As $H(P_D(x))$ is a constant term, relatd to the empirical distribution of real data, we will call it $\epsilon$, and we may get rid of it later.
Instead we will mainly consider, the $\theta$, ie, the model related term:
$$
   D_{KL} \left( P_D(x)||P_\theta(x) \right) = \epsilon -\langle P_D(x) , log(P_\theta(x)) \rangle_{L^2}
$$

Thanks to the definition of the empirical distribution, we can express this continuous expression as a discrete summation:

\begin{align}
    \langle P_D(x) , log(P_\theta(x)) \rangle_{L^2} &= \int \sum_{i=0}^{N-1} \frac{1}{N} \delta(x-x_i) log(P(x|\theta)) dx \\
    &= \sum_{i=0}^{N-1} \frac{1}{N} log(P(x_i|\theta)) \\
    &= \frac{1}{N} \sum_{i=0}^{N-1} log(P(x_i|\theta))
\end{align}

The last line amounts to the log-likelihood of the dataset.
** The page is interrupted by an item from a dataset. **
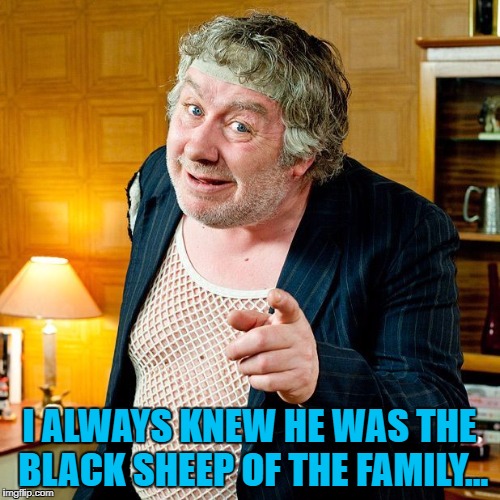 I ALWAYS KNEW HE WAS THE BLACK SHEEP OF THE FAMILY... | made w/ Imgflip meme maker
We can then conclude that maximizing the log-likelihood of a dataset, relatively to a set of distribution parameters $\theta$ and a given dataset $x$ is equivalent to minimizing the Kullback Leibler divergence between the empirical distribution and the model distribution.
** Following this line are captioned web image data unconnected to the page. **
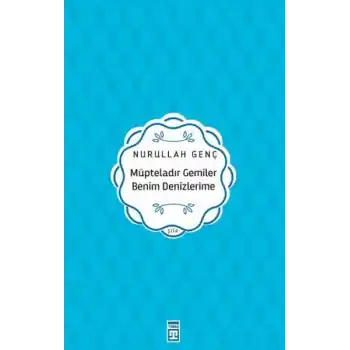 Müpteladır Gemiler Benim Denizlerime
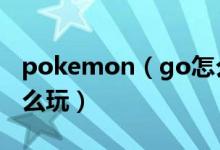 pokemon（go怎么玩 簡介pokemon go怎么玩）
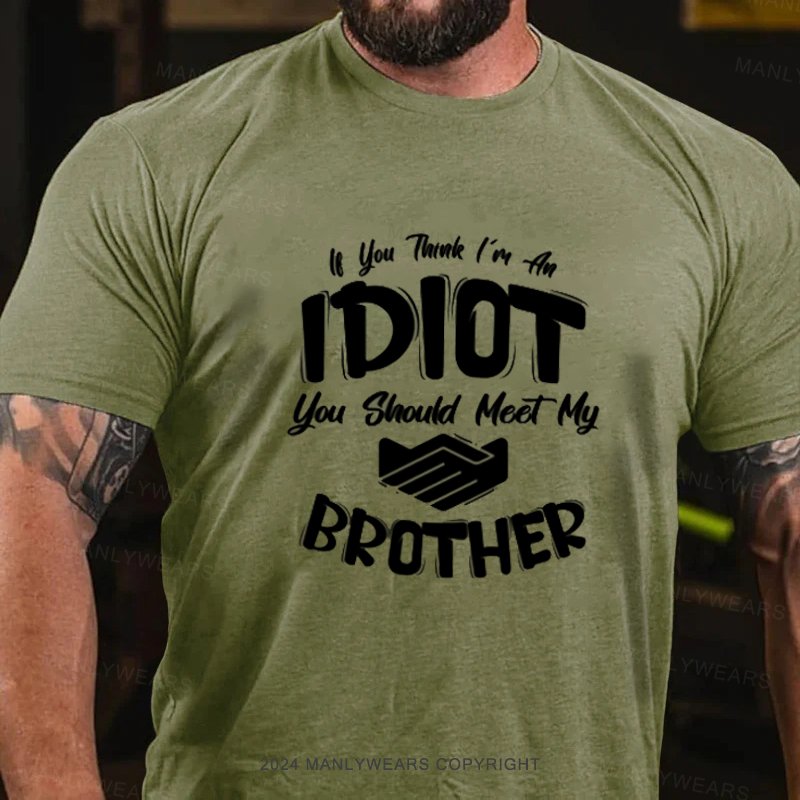 Lf You Tank I'm An Idiot You Should Meet My Brother T-Shirt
### Practical KL Divergence between two data sets
We are interested in computing the Kullback Leibler divergence between a model $X$ and a real dataset $Y$, indexed by $i$ where $i$ is the index of a specific event whose occurence probability is $X_i$ according to the model, and $Y_i$ in practice.

As in the definition of the empirical distribution, our datasets must verify:
$$
    \sum_{i=0}^{N-1} X_i = 1
$$

then the expression of the kl divergence is simply:
$$
    D_{KL}(Y\|X) = \sum_{i=0}^{N-1} log \left( \frac{Y_i}{X_i} \right) Y_i
$$

Moreover there is an important condition that must be respected: 
$$
    X_i = 0 \implies Y_i = 0
$$
If so, if the event $k$ has no occurence, we have $X_k=Y_k=0$ and $log \left( \frac{y_k}{x_k} \right) y_k$ has a limit in $0$ which is $0$. Otherwise, Kullback Leibler cannot be computed.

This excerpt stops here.